En outre, les motards, par leur comportement, mettent en défaut les stratégies de prise d'information des automobilistes. Concrètement, ils mettent en oeuvre des manoeuvres inattendues pour les automobilistes – remontées de file, dépassements par la droite, positionnements derrière les angles morts des véhicules, voire niveaux d'accélération surprenants –, de sorte que les automobilistes se trouvent confrontés à des interactions qui se révéleraient impossibles s'il ne s'agissait pas d'une moto.

Enfin, ce qui ne masque pas une voiture peut masquer un deux-roues motorisé, de plus faible gabarit – je pense aux éléments d'aménagement, tels que des panneaux de signalisation ou d'information.

Voilà pour les difficultés accidentogènes qui concernent les automobilistes.

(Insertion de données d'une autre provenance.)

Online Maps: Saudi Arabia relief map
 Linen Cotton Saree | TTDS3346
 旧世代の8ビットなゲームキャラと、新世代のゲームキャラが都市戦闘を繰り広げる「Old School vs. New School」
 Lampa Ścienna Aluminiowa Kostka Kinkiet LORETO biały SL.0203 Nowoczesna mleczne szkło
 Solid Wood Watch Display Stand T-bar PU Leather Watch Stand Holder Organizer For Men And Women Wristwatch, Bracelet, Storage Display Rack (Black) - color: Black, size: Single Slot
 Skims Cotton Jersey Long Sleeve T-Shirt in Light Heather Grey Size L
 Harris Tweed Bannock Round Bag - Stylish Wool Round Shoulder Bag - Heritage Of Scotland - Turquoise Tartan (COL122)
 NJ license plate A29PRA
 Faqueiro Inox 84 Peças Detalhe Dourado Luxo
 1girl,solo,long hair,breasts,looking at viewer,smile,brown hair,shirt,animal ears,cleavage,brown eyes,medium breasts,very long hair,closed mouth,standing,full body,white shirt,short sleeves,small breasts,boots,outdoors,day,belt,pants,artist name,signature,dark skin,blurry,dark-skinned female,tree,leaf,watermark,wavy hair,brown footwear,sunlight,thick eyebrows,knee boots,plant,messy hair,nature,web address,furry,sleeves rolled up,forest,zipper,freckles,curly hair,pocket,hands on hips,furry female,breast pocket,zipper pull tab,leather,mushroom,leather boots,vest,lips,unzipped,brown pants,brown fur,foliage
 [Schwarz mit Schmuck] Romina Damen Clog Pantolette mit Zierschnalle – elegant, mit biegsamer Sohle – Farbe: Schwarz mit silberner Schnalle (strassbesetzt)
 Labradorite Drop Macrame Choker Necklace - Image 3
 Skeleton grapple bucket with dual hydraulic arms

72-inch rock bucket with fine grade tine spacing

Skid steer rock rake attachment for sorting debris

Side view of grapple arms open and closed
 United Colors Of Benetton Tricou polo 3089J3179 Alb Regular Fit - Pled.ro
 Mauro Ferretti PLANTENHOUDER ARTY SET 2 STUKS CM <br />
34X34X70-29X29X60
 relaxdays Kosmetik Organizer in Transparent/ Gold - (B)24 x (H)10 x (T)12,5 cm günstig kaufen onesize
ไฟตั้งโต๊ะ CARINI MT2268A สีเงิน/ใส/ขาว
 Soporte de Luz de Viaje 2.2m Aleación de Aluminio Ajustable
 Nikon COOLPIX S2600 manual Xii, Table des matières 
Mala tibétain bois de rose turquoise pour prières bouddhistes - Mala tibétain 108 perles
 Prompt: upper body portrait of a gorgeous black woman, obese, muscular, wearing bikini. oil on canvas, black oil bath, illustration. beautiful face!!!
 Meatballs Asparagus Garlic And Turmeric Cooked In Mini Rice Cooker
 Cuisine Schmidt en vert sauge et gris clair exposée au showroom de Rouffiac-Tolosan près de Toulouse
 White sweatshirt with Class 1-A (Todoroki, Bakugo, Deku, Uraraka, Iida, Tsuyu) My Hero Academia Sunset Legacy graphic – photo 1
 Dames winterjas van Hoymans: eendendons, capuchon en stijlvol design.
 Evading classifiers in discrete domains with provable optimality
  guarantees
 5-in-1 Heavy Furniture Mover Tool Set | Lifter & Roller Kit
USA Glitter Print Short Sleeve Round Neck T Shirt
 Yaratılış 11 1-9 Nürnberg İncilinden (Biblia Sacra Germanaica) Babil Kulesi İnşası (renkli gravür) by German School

Quant aux difficultés des motards lorsqu'ils détectent un conflit, elles font apparaître qu'ils ont une grande tendance à se laisser guider par un fort sentiment prioritaire, au point de refuser d'entamer la moindre régulation. Dans la mesure où ils s'attendent à ce que ce soit l'autre qui régule la situation, ils ne font rien pour tenter de résoudre le conflit. Cela me ramène au problème de surconfiance qui s'accompagne souvent d'un phénomène bien connu chez les piétons, appelé l'illusion de visibilité : lorsque l'on voit quelqu'un, on a le sentiment, la certitude d'être vu, d'où certains comportements.

Face à ces difficultés, plusieurs mesures peuvent être envisagées. Elles visent à améliorer l'harmonisation des comportements des usagers.

En matière d'infrastructures routières, il est nécessaire d'intégrer la spécificité des deux-roues, le but étant d'améliorer la visibilité et, dans le même temps, de diminuer les vitesses d'interaction. En effet, plus une vitesse d'interaction est diminuée, plus la prise d'information des autres usagers est facilitée.

Les actions sur les infrastructures peuvent également viser à limiter les manoeuvres potentiellement génératrices de conflits entre les deux types d'usagers. Par exemple, empêcher les stationnements à gauche pour éviter des manoeuvres inopinées des automobilistes qui omettraient un certain nombre de précautions ; ou encore dissuader les remontées de files aux intersections, endroit où peuvent se produire les interactions dangereuses.

Une autre piste consiste à définir les moyens permettant de favoriser la détectabilité du motard. Je pense à l'équipement des conducteurs de motos, dont nous reparlerons.

Enfin, la formation des conducteurs est primordiale.

Les motards doivent être davantage formés à la méfiance qu'à la performance. Ils pourront ainsi tenir compte des difficultés rencontrées par les autres usagers à les percevoir et à anticiper des manoeuvres parfois atypiques, plutôt que chercher à imposer leur droit de passage coûte que coûte.

Quant aux automobilistes, leur formation doit s'attacher à intégrer davantage la dimension deux-roues motorisés, pour leur enseigner des stratégies de recherche d'information plus efficaces dans les situations où ils sont susceptibles de rencontrer ce type de véhicule.